Note: Forums will be making significant UX changes to address key usability improvements surrounding search, discoverability and navigation. To learn more about these changes please visit the announcement which can be found HERE.
Infinite loop? on insert for naive bayes classifier

Traitée Infinite loop? on insert for naive bayes classifier

  • Monday, March 05, 2012 5:35 PM
     
     

    Hello,

    I'm writing a C# program that is supposed to insert data into a database and then create a mining structure/model and train it. What I'm getting is that when I do the INSERT INTO, the analysis service starts churning and churning and memory starts to grow until it eventually the page file runs low and it crashes (after an hour).
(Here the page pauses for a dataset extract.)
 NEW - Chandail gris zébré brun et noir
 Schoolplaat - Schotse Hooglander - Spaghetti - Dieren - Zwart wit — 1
If I do it in Sql Server Business Intelligence Studio, the training takes 30 seconds and everything works fine.

    Here is some of my SQL to create everything.
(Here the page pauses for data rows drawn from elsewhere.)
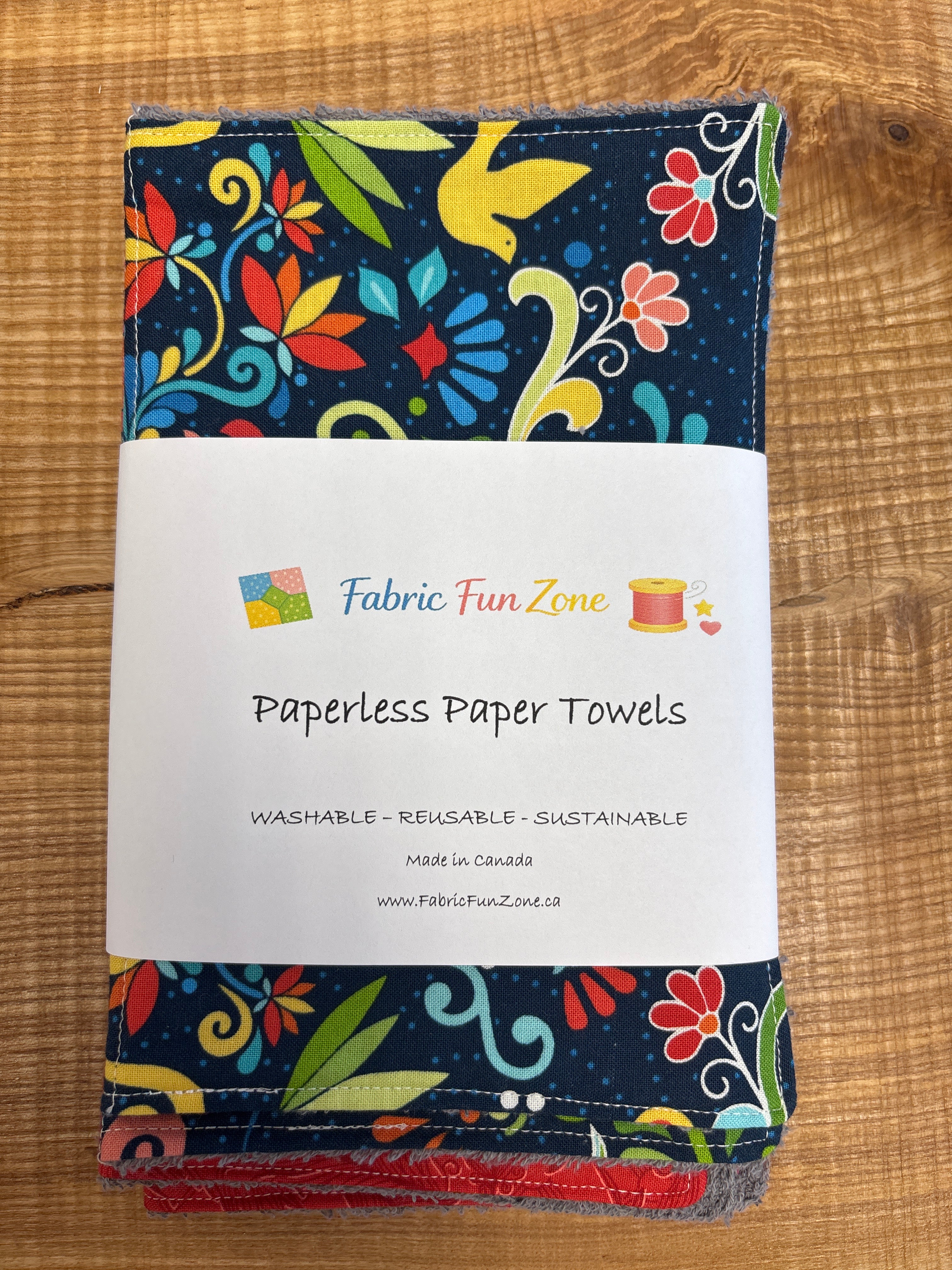 Paperless Paper Towel Sets of 4 Handmade by Fabric Fun Zone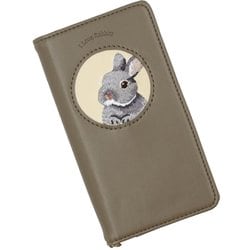 シンプルスマホ7 用 ケース うさぎ刺繍 手帳型 スマホケース スタンド機能 エレガンテ Elegante/立ち耳 グレー RA-SI7-TGR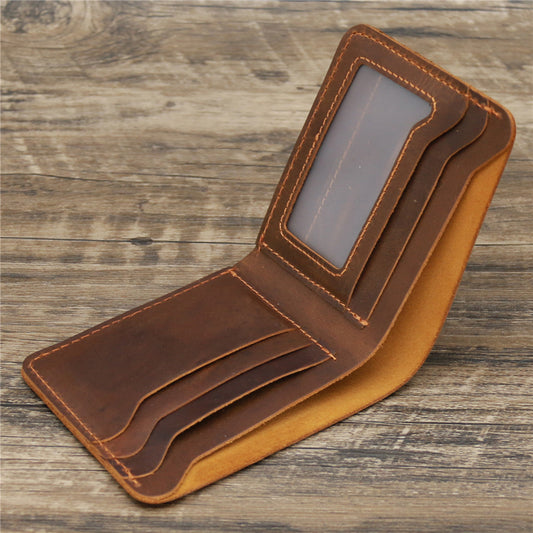 Simple stylish men's wallet handmade from genuine leather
    "CREATE MINING STRUCTURE [MiningModel] (
    [id]    LONG    KEY,
    [code] TEXT DISCRETE,
    [itemdescriptionnt1] TABLE
    ([id] LONG KEY,
    [itemdescriptionnc1] TEXT DISCRETE))"

    "ALTER MINING STRUCTURE [MiningModel]
    ADD MINING MODEL [MiningModel] (
    [id],
    [code] PREDICT ,
    [itemdescriptionnt1]
    ([id],[itemdescriptionnc1]))
    USING Microsoft_Naive_Bayes(MAXIMUM_INPUT_ATTRIBUTES=0,MAXIMUM_OUTPUT_ATTRIBUTES=0,MAXIMUM_STATES=0)"

    "INSERT INTO MINING STRUCTURE [MiningModel]
    ([id],
    [code],
    [itemdescriptionnt1]([id],[itemdescriptionnc1]))
    SHAPE {OPENQUERY(MiningModelInput,'select id, code from Transactions')}
    APPEND ( { OPENQUERY(MiningModelInput,'SELECT id, itemdescriptionnc1 FROM NestedTransactions') }
    RELATE [id] to [id]) AS itemdescriptionnt1"

    Can anyone see anything wrong with this? Especially with the INSERT INTO statement?

    Basically what this does is that it reads in transaction data using 2 tables. The case table is "Transactions" and the nested table is "NestedTransactions". Transactions are assigned a code (that I want to predict). Items are put into the nested table.

    Any help is appreciated. Thank you.

    mj



    • Edited by mjaskiewicz Monday, March 05, 2012 7:50 PM
    •  

All Replies

  • Monday, March 05, 2012 10:02 PM
    Answerer
     
     
    Are you training model in BI Dev Studio and in your code on the same data? You can run Profiler when you train the model in BI Dev Studio and look at the query being sent (It might be XMLA instead of DMX). I should be able to run the same query that BI Dev Studio runs to train the model.

    Tatyana Yakushev [PredixionSoftware.com]

  • Tuesday, March 06, 2012 1:49 AM
     
     

    Tatyana,

    Thank you for the reply. I compared a trace from Profiler and I see that BI doesn't issue a DMX query and so I can't compare mine against it. When it is running though, I can see that both read from the (same) data store and start training the classifier. The BI version performs some SQL queries that the DMX version doesn't and it looks like my version gets really close to the end but then just gets stuck on some operation that is not included in the trace. The rest of the log just fills up with those flight recorder snapshots.

    Great suggestion though. Got any others?

    mj

  • Tuesday, March 06, 2012 6:25 PM
    Answerer
     
     Answered

    BIDS sends XMLA queries (they look like XML). Those queries go though a different code path than DMX queries.

    DMX queries create a copy of the data the model will be trained on and that is why you are running out of memory.

    If adding more memory to the computer is not an option, you need to use XMLA queries instead of DMX. (Create data source, data source view and use it when training the model. Do exactly what BIDS is doing).


    Tatyana Yakushev [PredixionSoftware.com]

    • Marked As Answer by mjaskiewicz Tuesday, March 06, 2012 6:32 PM
    •  
  • Tuesday, March 06, 2012 6:32 PM
     
     

    Ah. Okay. I'll follow that route instead. Thanks.

    mj

  • Tuesday, March 06, 2012 9:35 PM
     
     Answered

    Actually, I figured it out. I changed the DMX slightly and it started working.

    I changed the reference to ID in the nested table to SKIP.

    "INSERT INTO MINING STRUCTURE [MiningModel]
    ([id],
    [code],
    [itemdescriptionnt1](
    SKIP,
    [itemdescriptionnc1]))
    SHAPE {OPENQUERY(MiningModelInput,'select id, code from Transactions')}
    APPEND ( { OPENQUERY(MiningModelInput,'SELECT id, itemdescriptionnc1 FROM NestedTransactions') }
    RELATE [id] to [id]) AS itemdescriptionnt1"

    • Marked As Answer by mjaskiewicz Tuesday, March 06, 2012 9:35 PM
    •